TASK INPUTS
____________
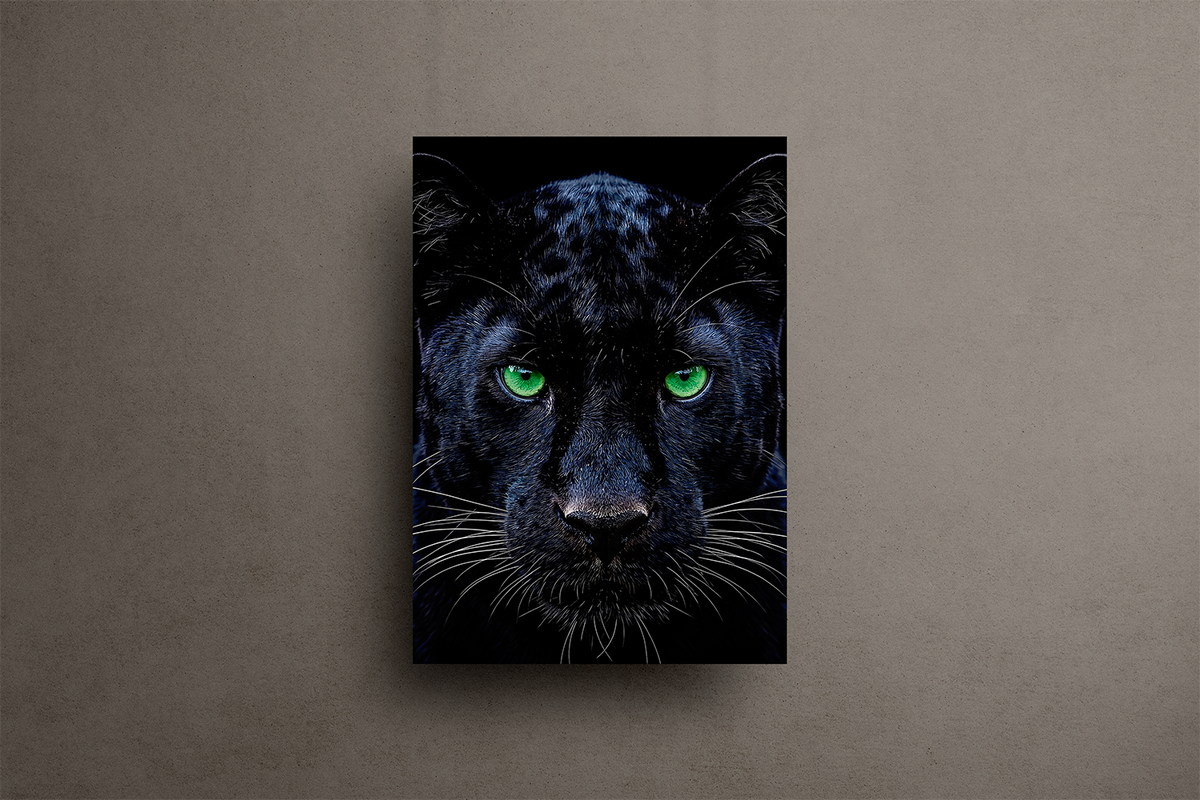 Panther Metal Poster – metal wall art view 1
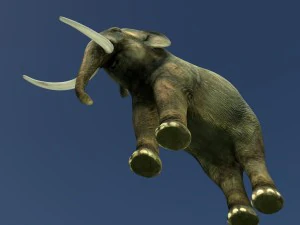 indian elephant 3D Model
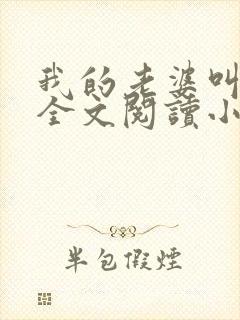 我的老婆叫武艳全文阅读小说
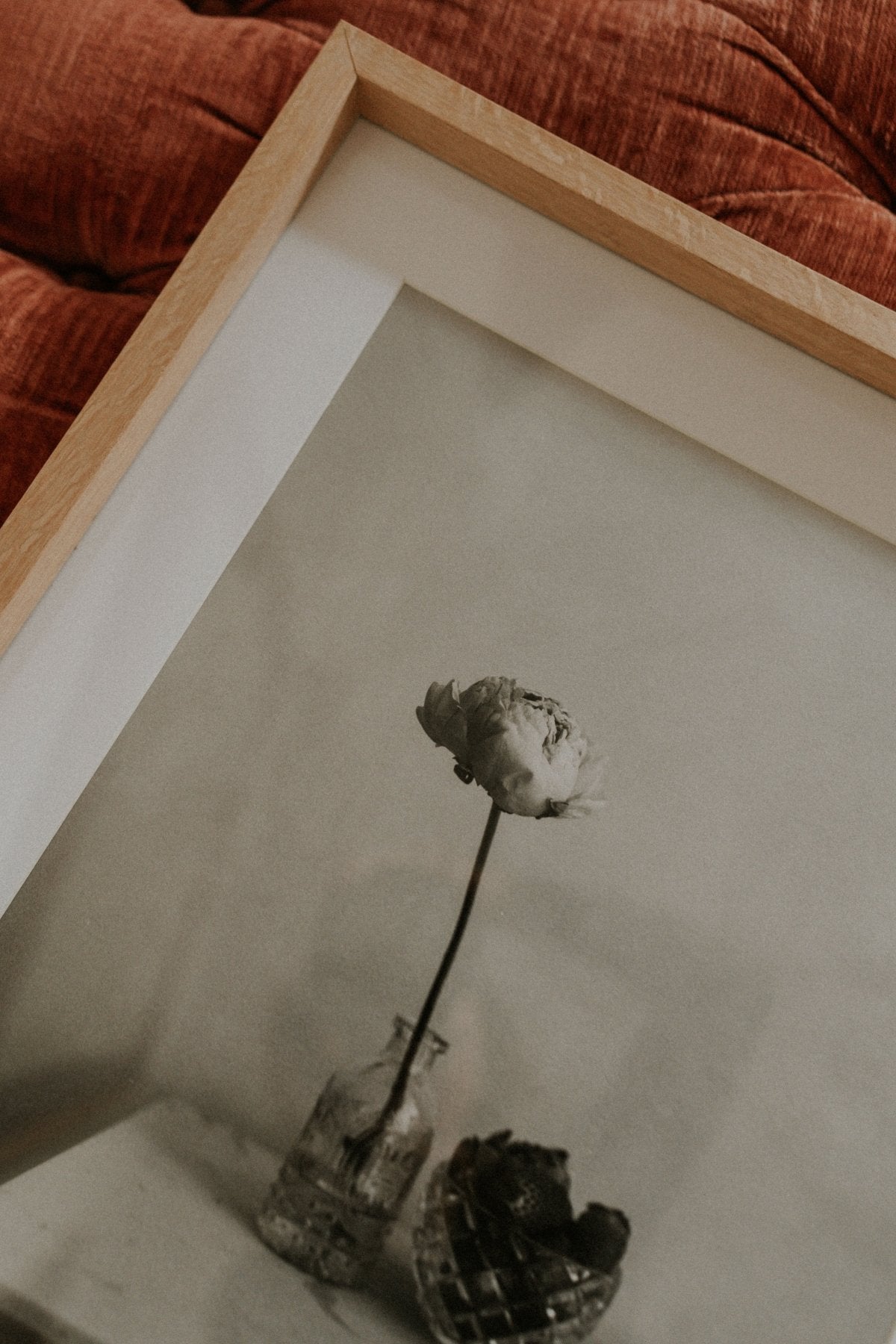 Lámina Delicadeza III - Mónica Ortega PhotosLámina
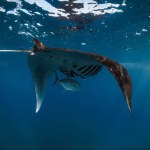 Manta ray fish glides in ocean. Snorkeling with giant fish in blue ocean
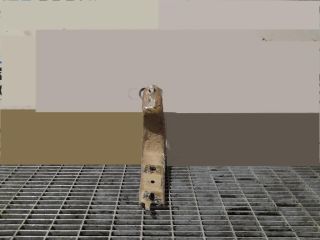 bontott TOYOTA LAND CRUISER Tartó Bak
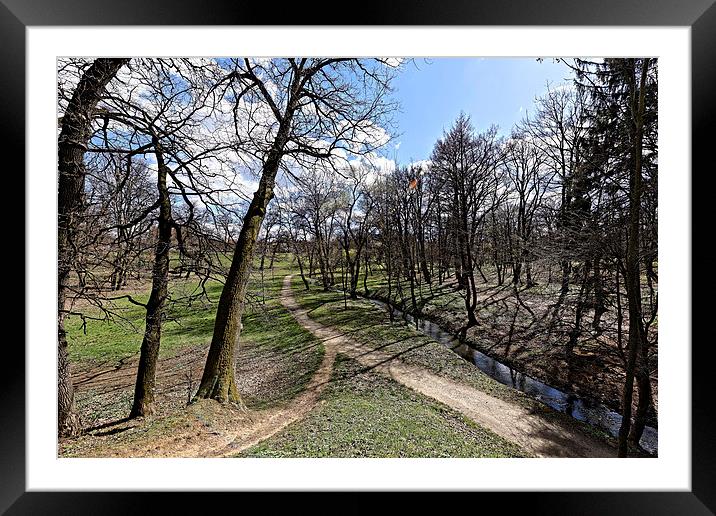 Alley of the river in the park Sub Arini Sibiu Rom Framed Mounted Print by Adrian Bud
____________
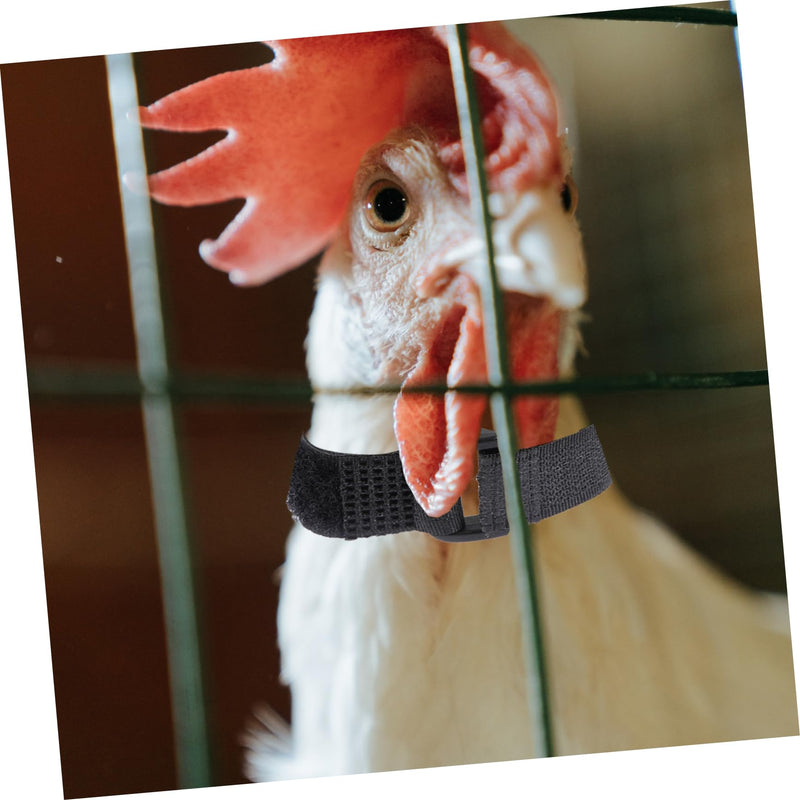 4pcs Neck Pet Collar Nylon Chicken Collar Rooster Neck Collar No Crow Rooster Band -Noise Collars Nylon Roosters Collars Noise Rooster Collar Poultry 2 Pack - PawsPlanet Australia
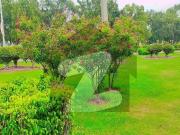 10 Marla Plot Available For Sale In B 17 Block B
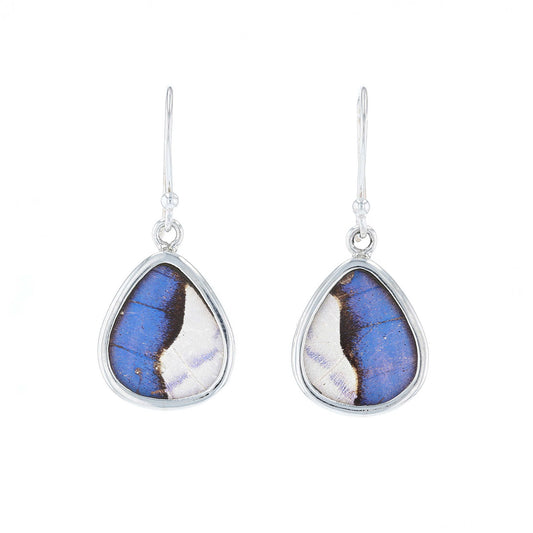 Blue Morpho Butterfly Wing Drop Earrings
____________
PROBLEM TO WORK ON
An exact copy is needed of the entries above, starting at the line that holds "4pcs Neck Pet" and stopping at the line that holds "Blue Morpho Butterfly Wing Drop Earrings", both kept; pictures stay out.

TASK OUTPUT
 4pcs Neck Pet Collar Nylon Chicken Collar Rooster Neck Collar No Crow Rooster Band -Noise Collars Nylon Roosters Collars Noise Rooster Collar Poultry 2 Pack - PawsPlanet Australia
 10 Marla Plot Available For Sale In B 17 Block B
 Blue Morpho Butterfly Wing Drop Earrings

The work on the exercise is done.